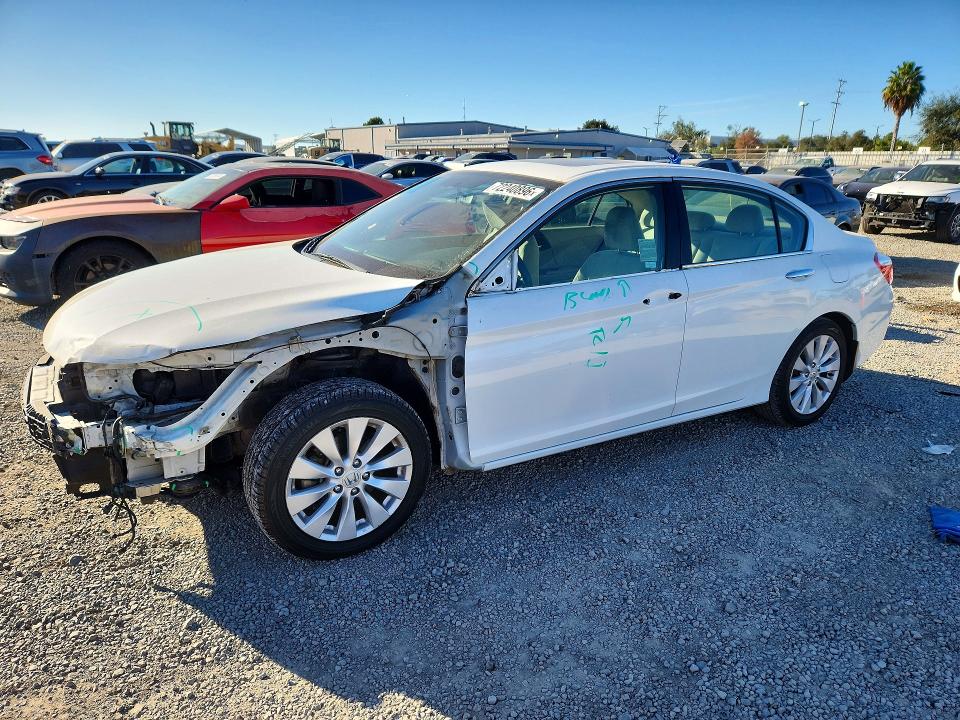 2014 Honda Accord მანქანა იყიდება აუქციონზე, vin: 1HGCR2F74EA236852, აუქციონის ნომერი: 72240896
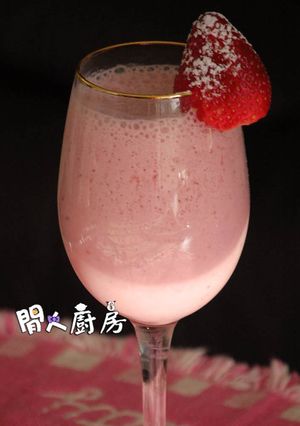 蜂蜜草莓奶昔 的食譜成品照片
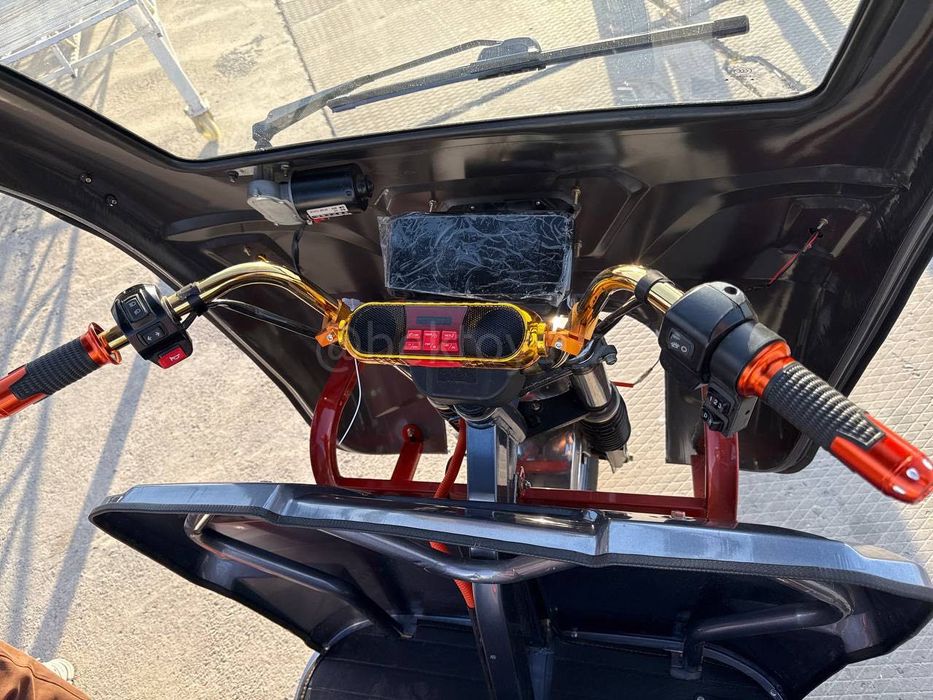 Трицикл электромуравей Yougo 72V 2000W до 1000кг мотороллер полукабина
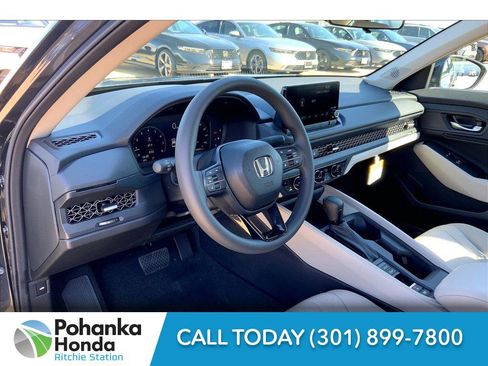 Used 2025 Honda Accord Touring image 6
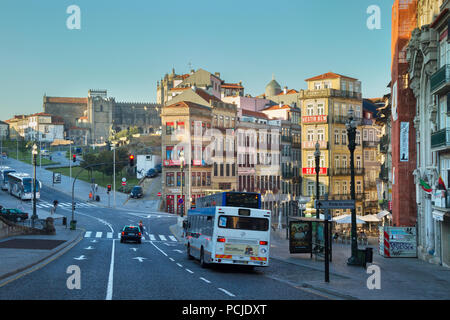 PORTO, PORTUGAL - 9. SEPTEMBER: Porto ist die zweitgrößte Stadt in Portugal. Blick auf die Straße von Porto mit Menschen und Transporte am 9. September 2016 Stockfoto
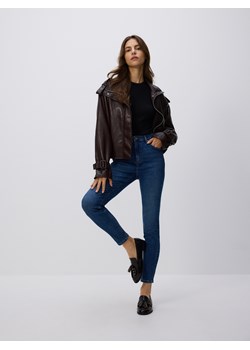 Reserved - Jeansy slim fit z przetarciami - granatowy - id: 754FZ-59J - marki Reserved - 187276914 Reserved - Jeansy slim fit z przetarciami - granatowy ze sklepu Reserved w kategorii Jeansy damskie - zdjęcie 187276914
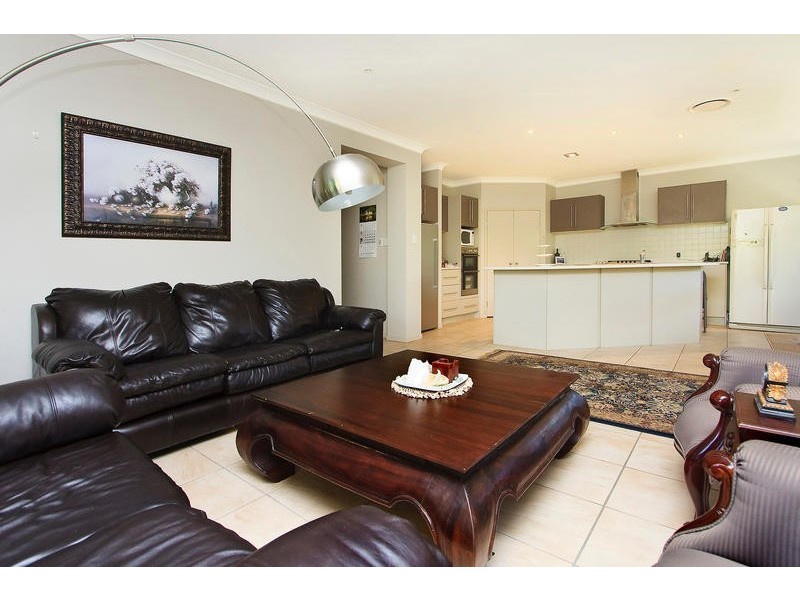 8 St Tropez Place, Forest Lake QLD 4078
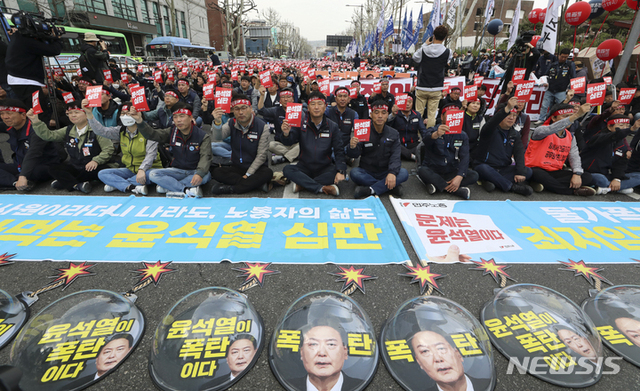 ▲ 민노총 조합원들이 25일 서울 종로구 대학로에서 열린 문제는 윤석열이다. 민생파탄! 검찰독재! 윤석열 심판! 민주노총 투쟁선포대회에서 구호를 외치고 있다. ⓒ뉴시스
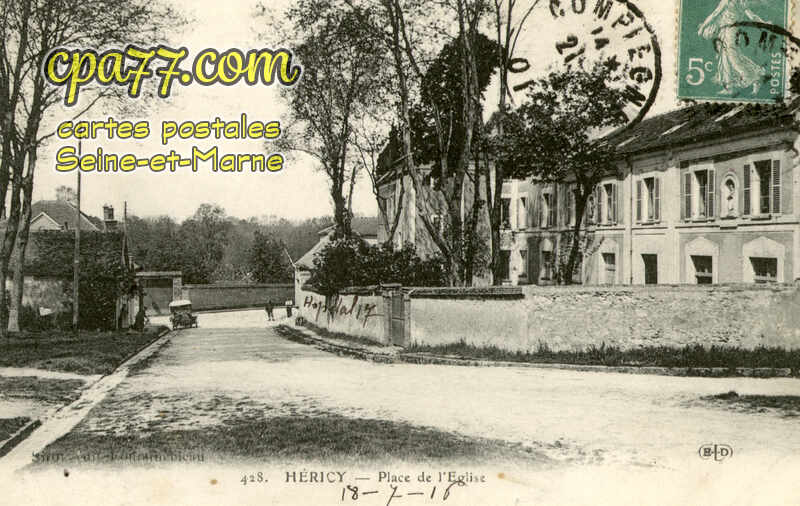 Héricy (Seine-et-Marne) - Place de l&rsquo;Eglise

Your goal
Once the pictures are dropped, set down everything else in the records exactly.

Output for this exercise
 2014 Honda Accord მანქანა იყიდება აუქციონზე, vin: 1HGCR2F74EA236852, აუქციონის ნომერი: 72240896
 蜂蜜草莓奶昔 的食譜成品照片
 Трицикл электромуравей Yougo 72V 2000W до 1000кг мотороллер полукабина
 Used 2025 Honda Accord Touring image 6
 PORTO, PORTUGAL - 9. SEPTEMBER: Porto ist die zweitgrößte Stadt in Portugal. Blick auf die Straße von Porto mit Menschen und Transporte am 9. September 2016 Stockfoto
 Reserved - Jeansy slim fit z przetarciami - granatowy - id: 754FZ-59J - marki Reserved - 187276914 Reserved - Jeansy slim fit z przetarciami - granatowy ze sklepu Reserved w kategorii Jeansy damskie - zdjęcie 187276914
 8 St Tropez Place, Forest Lake QLD 4078
 ▲ 민노총 조합원들이 25일 서울 종로구 대학로에서 열린 문제는 윤석열이다. 민생파탄! 검찰독재! 윤석열 심판! 민주노총 투쟁선포대회에서 구호를 외치고 있다. ⓒ뉴시스
 Héricy (Seine-et-Marne) - Place de l&rsquo;Eglise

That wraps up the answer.